A lot of people crave plastic surgery, but an equally large amount of people end up regretting plastic surgery after they’ve had it done. It’s usually an expensive process that insurance doesn’t cover (as long as it’s cosmetic and not medically necessary, that is) and sometimes it ends up being more money than it’s worth. It’s a lifestyle investment that you’re always going to have to maintain and might end up causing you more aggravation than you originally intended.

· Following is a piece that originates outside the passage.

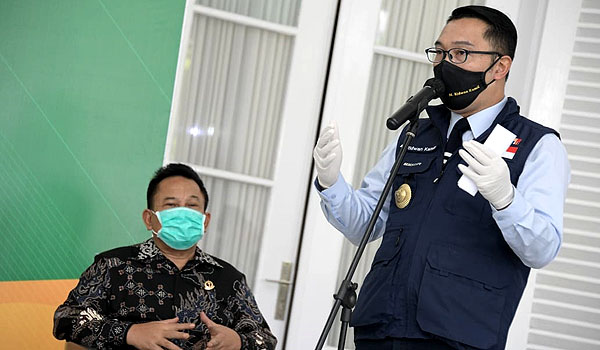 ridwan-kamil-siapkan-fisik-dan-mental-jelang-disuntik-vaksin-covid-19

Designer clothing might not seem like a lifestyle investment, but it is for many people. After all, there aren’t a lot of people who can afford to pay $500 for a shirt or $2,000 for one dress. It’s nice to own one or two pieces of high end clothing, but this should not turn into a lifestyle, especially if you know it’s a lifestyle choice you can’t maintain. While there are certain designers that make quality clothing, a lot of designer clothing isn’t worth the money since you can find similar outfits or products for much cheaper on the rack.
Additionally, designer accessories are another lifestyle investment to avoid. No one truly needs to buy a $1,000 watch or $10,000 purse. These are items that aren’t necessary to your wellbeing or everyday life. If you don’t have the money to afford these items without putting yourself into debt, you should just avoid owning them completely.
Many people want to own recreational vehicles because they seem like they’ll be a lot of fun to use. And who hasn’t wanted to own their own boat, jet ski, snowmobile, or motorcycle? They’re flashy and fun. But sometimes these items are ones you should avoid. For instance, did you buy that boat juts because you’ve always wanted one? Have you gotten your money’s worth from it? Do you even know how to use it?
Over the Top Entertainment Systems or Tech Products
Lately it seems as if the latest over the top technology products and entertainment systems are becoming lifestyle investments that everyone thinks they’re entitled to. While it’s nice to have a huge TV or the latest smartphone on the market, you need to be careful not to go overboard on some of these products. After all, will an entire room dedicated to top of the line entertainment products really make you happy when you can’t even afford your rent or your electricity bill?
Expensive Household Furnishings
There are a lot of people who like to buy expensive household decorations to show off their wealth or their status. More often than not, the average person won’t care about these decorations or won’t be able to determine their net worth. Expensive household furnishings are something you should avoid for the sake of your bank account.